2.1 Basics
In this section, we recap some basic definitions and notation. Hopefully this material will largely be familiar to you.
2.1.1 Notation
The matrix \({\mathbf A}\) will be referred to in the following equivalent ways: \[\begin{eqnarray*} {\mathbf A}=\stackrel{n\times p}{\mathbf A} &=& \left(\begin{array}{cccc} a_{11}&a_{12}&\dots&a_{1p}\\ a_{21}&a_{22}&\dots&a_{2p}\\ \vdots&\vdots&&\vdots\\ a_{n1}&a_{n2}&\dots&a_{np} \end{array} \right) \\ &=&[a_{ij}: i=1, \ldots , n; j=1, \ldots , p]\\ &=&(a_{ij})\\ &=& \left( \begin{array}{c}\mathbf a_1^\top\\ \vdots\\ \mathbf a_n^\top\end{array}\right) \end{eqnarray*}\] where the \(a_{ij}\) are the individual entries, and \(\mathbf a_i^\top=(a_{i1}, a_{i2}, \ldots, a_{ip})\) is the \(i^{th}\) row.
A matrix of order \(1\times 1\) is called a scalar.
A matrix of order \(n\times 1\) is called a (column) vector.
A matrix of order \(1\times p\) is called a (row) vector.
e.g. \(\stackrel{n\times 1}{\mathbf a}=\left( \begin{array}{c} a_1\\\vdots\\a_n \end{array} \right)\)is a column vector.
The \(n\times n\) identity matrix \({\mathbf I}_n\) has diagonal elements equal to 1 and off-diagonal elements equal to zero.

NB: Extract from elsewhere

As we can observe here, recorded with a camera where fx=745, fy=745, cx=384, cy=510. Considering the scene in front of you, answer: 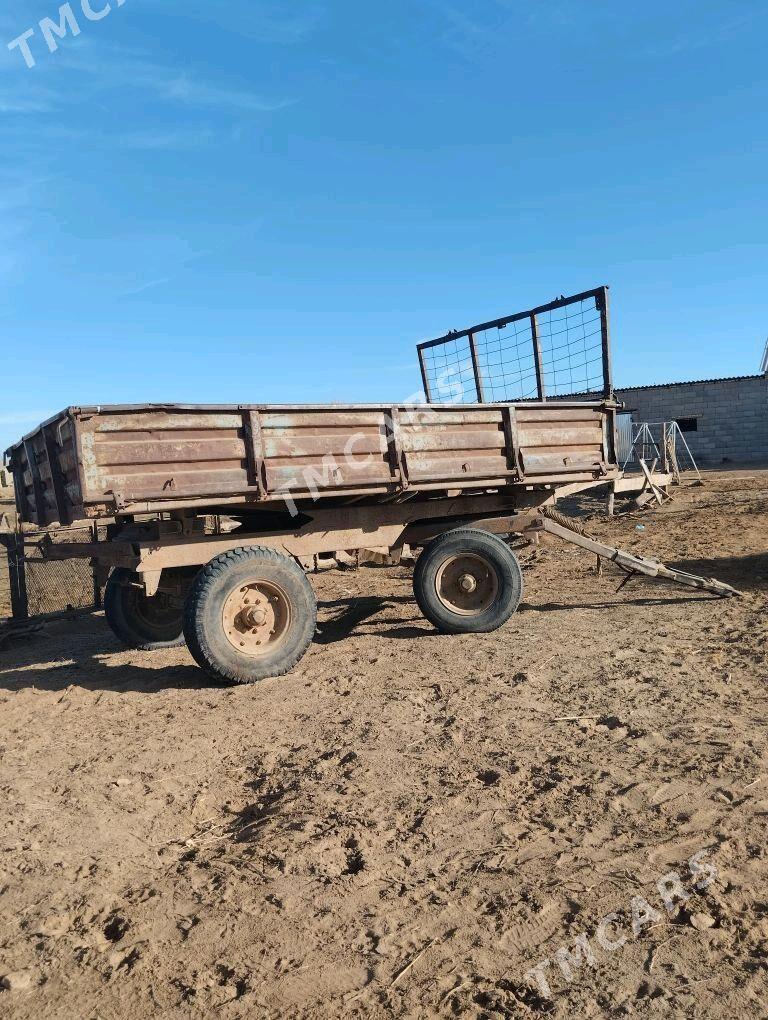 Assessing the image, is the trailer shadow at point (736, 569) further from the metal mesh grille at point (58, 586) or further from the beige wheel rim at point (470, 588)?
the metal mesh grille at point (58, 586)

A diagonal matrix is an \(n \times n\) matrix whose off-diagonal elements are zero. Sometimes we denote a diagonal matrix by \(\text{diag}\{a_1,\ldots, a_n\}\).

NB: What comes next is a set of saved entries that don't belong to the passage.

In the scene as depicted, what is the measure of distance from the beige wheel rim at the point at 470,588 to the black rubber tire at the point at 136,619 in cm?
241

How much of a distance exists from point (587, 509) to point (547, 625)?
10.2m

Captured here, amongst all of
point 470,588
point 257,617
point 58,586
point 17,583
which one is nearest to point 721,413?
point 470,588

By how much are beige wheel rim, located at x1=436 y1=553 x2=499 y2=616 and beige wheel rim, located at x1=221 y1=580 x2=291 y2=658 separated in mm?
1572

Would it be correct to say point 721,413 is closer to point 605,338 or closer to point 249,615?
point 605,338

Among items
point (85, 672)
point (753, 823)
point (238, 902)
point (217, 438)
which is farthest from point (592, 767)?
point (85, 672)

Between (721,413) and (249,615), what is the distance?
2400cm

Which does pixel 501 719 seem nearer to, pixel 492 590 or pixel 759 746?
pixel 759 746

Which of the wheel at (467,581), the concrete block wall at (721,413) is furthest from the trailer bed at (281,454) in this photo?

\[\mathbf I_3 = \left(\begin{array}{ccc} 1&0&0\\ 0&1&0\\ 0&0&1\end{array}\right),\quad \text{diag}\{1,2,3\}=\left(\begin{array}{ccc} 1&0&0\\ 0&2&0\\ 0&0&3\end{array}\right)\quad\]
2.1.2 Elementary matrix operations
Addition/Subtraction. If \(\stackrel{n\times p}{\mathbf A}=[a_{ij}]\) and \(\stackrel{n\times p}{\mathbf B}=[b_{ij}]\) are given matrices then \[ {\mathbf A}+{\mathbf B}=[a_{ij}+b_{ij}] \qquad \text{and} \qquad {\mathbf A}-{\mathbf B}=[a_{ij}-b_{ij}].\]
Scalar Multiplication. If \(\lambda\) is a scalar and \({\mathbf A}=[a_{ij}]\) then \[\lambda {\mathbf A}=[\lambda a_{ij}].\]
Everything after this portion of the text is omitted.